_Data provided_
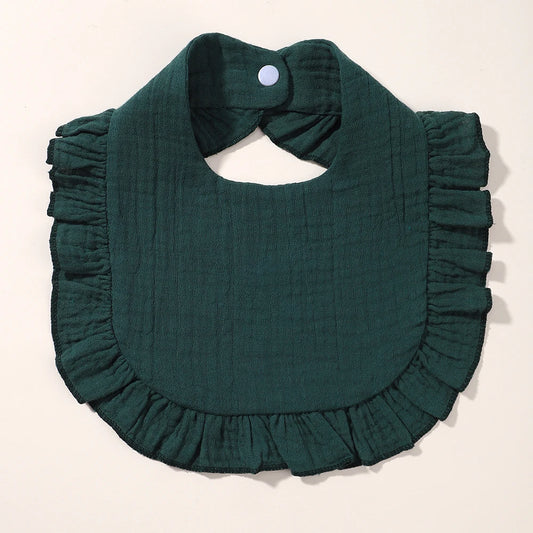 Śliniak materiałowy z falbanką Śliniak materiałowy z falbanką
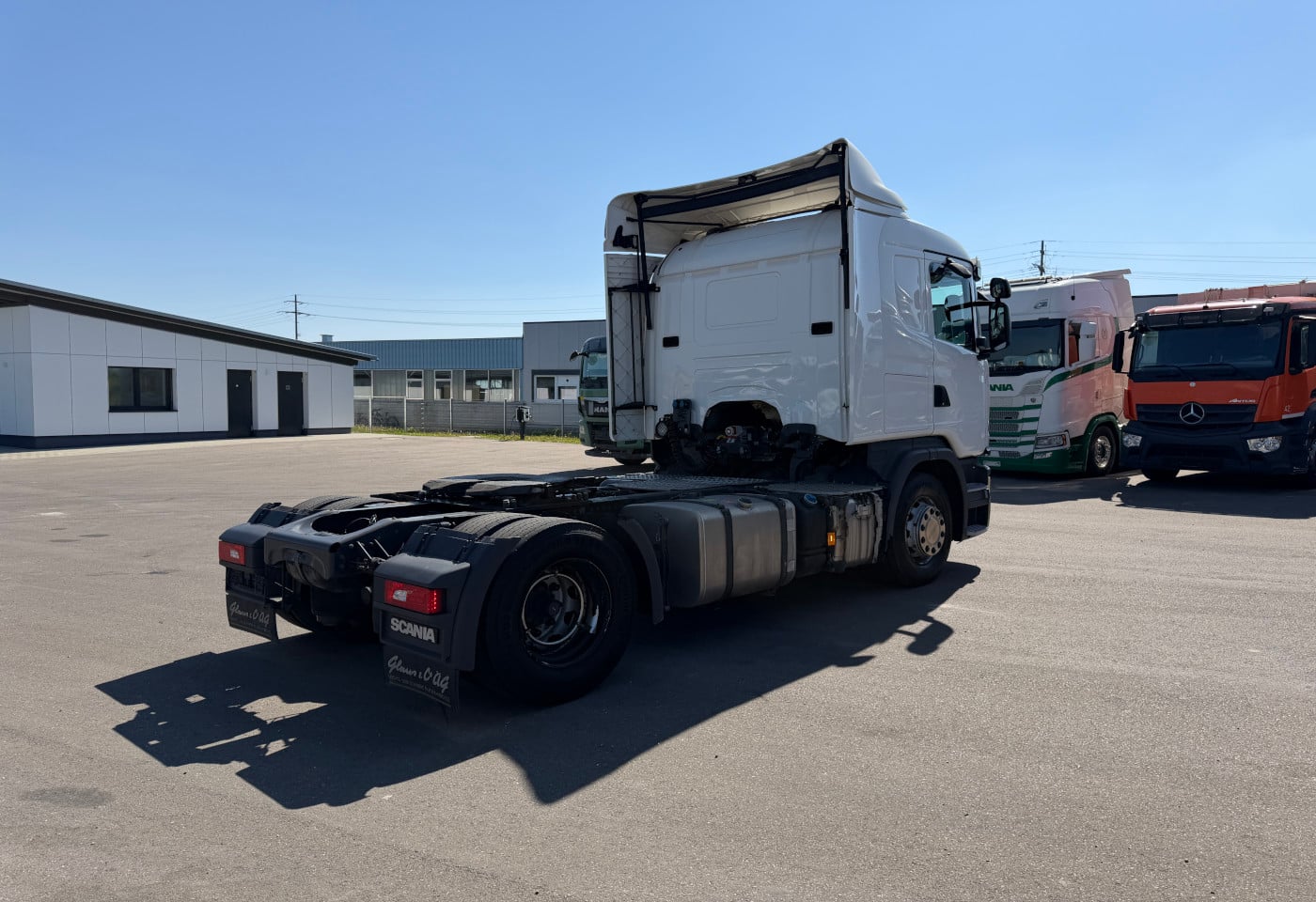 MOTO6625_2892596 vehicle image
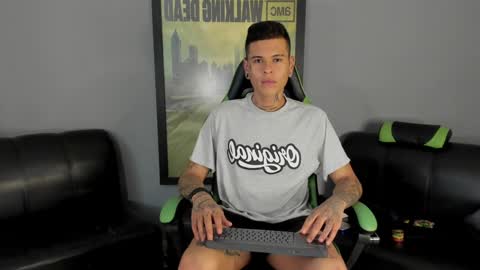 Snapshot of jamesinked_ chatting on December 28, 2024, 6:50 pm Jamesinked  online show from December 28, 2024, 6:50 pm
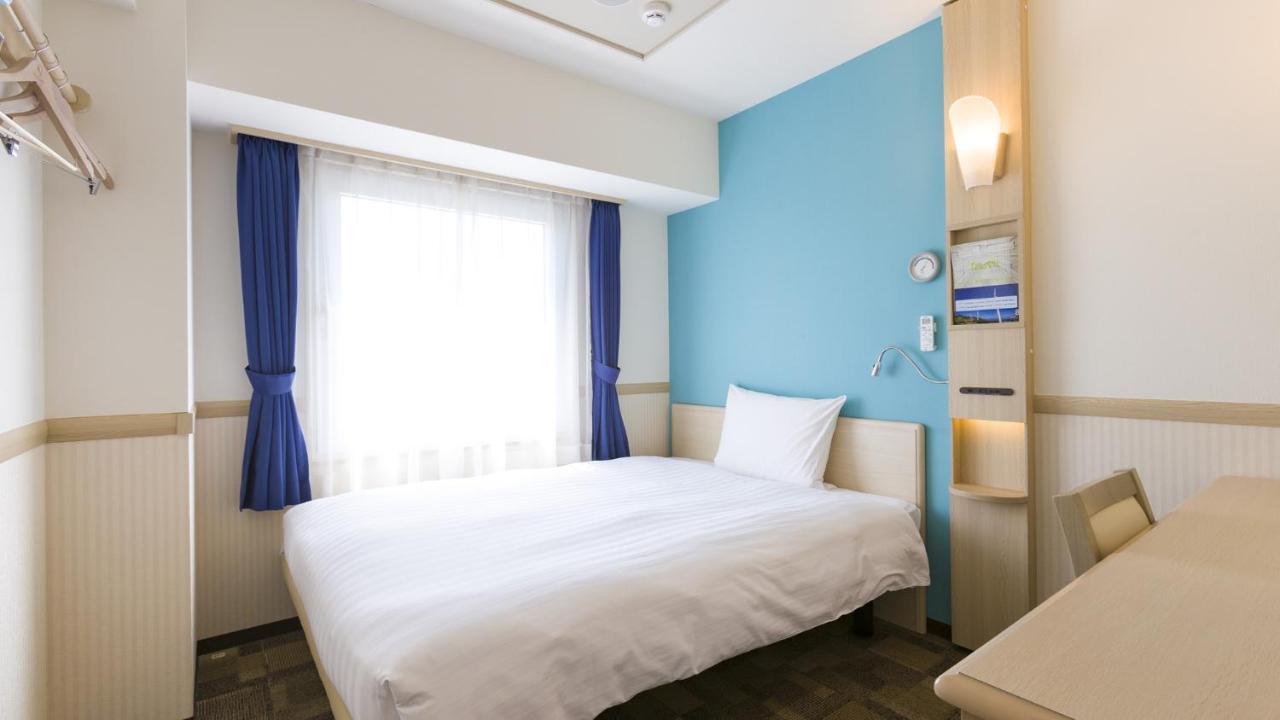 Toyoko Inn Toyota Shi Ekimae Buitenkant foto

_Task instructions_
Pictures stay out; everything else in the listing above gets restated word for word.

_Written solution_
 Śliniak materiałowy z falbanką Śliniak materiałowy z falbanką
 MOTO6625_2892596 vehicle image
 Snapshot of jamesinked_ chatting on December 28, 2024, 6:50 pm Jamesinked  online show from December 28, 2024, 6:50 pm
 Toyoko Inn Toyota Shi Ekimae Buitenkant foto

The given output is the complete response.